- [TASK ITEM]:
Go through the records, and copy each line in which the string "Luxury" is present.

DATA FOR THIS EXERCISE section start

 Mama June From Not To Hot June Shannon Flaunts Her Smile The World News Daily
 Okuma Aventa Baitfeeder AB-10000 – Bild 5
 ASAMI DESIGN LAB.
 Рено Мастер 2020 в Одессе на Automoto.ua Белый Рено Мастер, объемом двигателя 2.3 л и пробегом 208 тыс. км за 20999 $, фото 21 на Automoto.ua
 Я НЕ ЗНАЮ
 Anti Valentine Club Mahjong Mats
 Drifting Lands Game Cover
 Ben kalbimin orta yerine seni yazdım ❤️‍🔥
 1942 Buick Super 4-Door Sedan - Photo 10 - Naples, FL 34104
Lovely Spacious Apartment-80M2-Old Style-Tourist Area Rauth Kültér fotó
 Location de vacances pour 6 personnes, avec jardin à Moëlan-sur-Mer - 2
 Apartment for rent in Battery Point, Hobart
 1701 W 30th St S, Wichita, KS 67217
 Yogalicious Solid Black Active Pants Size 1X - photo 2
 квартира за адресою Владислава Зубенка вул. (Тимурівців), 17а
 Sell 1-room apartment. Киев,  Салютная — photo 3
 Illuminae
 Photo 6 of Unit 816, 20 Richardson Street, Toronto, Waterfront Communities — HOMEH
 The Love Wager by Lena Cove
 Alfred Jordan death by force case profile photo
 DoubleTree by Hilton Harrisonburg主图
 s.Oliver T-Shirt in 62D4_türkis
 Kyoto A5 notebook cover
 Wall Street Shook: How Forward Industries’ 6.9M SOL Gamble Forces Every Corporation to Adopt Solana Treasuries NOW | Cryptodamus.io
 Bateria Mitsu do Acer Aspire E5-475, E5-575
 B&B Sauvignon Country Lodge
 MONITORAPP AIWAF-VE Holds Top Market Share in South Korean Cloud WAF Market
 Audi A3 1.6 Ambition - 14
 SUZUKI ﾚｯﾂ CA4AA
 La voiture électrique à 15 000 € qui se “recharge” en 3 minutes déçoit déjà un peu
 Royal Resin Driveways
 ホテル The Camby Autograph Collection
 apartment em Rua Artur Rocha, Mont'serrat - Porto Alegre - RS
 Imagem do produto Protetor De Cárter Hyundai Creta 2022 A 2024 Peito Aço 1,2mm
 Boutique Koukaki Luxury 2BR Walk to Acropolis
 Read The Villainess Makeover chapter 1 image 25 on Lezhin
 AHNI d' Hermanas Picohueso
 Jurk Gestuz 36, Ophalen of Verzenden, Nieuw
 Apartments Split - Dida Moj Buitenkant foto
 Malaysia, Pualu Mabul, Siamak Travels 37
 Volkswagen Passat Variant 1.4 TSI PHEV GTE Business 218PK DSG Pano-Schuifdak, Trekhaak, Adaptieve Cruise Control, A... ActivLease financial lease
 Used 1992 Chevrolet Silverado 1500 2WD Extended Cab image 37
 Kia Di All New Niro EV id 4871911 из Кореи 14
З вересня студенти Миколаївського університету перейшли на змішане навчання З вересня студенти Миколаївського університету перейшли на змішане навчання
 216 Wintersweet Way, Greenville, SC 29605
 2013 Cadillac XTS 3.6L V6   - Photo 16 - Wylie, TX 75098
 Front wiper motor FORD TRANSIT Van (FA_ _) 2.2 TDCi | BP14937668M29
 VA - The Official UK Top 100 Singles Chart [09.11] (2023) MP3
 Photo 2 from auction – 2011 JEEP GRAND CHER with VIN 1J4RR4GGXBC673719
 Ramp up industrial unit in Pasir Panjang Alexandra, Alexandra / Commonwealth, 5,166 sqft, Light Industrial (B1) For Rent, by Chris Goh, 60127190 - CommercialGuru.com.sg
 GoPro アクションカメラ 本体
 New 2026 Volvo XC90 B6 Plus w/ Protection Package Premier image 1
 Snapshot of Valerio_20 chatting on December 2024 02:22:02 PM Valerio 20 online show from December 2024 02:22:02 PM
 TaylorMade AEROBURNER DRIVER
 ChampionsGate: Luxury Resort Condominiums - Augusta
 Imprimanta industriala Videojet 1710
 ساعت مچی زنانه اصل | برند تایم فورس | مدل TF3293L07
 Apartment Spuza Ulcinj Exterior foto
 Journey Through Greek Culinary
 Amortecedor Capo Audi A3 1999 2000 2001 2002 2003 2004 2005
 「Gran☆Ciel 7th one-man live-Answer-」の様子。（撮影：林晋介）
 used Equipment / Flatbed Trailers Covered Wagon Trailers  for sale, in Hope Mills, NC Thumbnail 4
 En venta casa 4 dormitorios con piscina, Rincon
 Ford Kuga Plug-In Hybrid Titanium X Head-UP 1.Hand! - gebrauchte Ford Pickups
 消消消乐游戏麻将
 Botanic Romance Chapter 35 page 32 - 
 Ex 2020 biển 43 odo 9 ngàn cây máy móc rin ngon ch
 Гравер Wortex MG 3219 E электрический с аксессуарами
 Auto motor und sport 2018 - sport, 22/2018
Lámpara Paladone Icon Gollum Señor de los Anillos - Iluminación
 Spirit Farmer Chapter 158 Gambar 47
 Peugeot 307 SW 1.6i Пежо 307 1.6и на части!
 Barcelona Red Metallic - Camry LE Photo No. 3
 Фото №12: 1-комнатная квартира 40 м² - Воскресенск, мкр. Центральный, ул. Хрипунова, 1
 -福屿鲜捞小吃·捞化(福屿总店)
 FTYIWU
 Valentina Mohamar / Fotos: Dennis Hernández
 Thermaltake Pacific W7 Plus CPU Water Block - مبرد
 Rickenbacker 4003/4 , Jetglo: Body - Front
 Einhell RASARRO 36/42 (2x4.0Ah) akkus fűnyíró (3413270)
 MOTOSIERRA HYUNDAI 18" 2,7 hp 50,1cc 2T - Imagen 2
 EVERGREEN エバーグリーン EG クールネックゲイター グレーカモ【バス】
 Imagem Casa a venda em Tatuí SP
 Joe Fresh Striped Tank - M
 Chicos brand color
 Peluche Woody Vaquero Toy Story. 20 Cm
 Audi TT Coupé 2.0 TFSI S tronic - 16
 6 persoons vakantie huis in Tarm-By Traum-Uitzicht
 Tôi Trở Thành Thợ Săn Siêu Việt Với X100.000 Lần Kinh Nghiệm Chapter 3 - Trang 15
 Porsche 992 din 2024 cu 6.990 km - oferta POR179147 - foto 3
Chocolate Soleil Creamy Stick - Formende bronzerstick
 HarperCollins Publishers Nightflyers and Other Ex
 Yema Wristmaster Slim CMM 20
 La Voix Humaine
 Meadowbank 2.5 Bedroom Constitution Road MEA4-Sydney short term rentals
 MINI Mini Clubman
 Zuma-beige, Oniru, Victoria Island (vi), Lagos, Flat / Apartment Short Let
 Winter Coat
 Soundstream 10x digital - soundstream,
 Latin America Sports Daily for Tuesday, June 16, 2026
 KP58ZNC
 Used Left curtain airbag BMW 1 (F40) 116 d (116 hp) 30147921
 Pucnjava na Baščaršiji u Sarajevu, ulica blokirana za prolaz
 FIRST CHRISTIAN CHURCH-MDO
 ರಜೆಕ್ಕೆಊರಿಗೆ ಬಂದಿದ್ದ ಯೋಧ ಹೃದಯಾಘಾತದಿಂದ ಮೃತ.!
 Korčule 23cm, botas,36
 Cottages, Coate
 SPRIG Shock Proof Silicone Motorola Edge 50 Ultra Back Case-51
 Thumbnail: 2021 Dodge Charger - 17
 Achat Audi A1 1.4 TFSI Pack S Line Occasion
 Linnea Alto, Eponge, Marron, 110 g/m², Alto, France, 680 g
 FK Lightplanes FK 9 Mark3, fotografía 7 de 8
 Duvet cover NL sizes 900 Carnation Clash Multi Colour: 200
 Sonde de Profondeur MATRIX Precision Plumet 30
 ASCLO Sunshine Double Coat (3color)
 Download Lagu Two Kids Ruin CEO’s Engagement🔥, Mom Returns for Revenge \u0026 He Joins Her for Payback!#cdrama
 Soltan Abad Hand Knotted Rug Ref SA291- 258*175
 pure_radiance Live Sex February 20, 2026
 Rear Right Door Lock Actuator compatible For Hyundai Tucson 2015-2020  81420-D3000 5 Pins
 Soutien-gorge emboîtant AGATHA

DATA FOR THIS EXERCISE section end

- [RESPONSE]:
 Boutique Koukaki Luxury 2BR Walk to Acropolis
 ChampionsGate: Luxury Resort Condominiums - Augusta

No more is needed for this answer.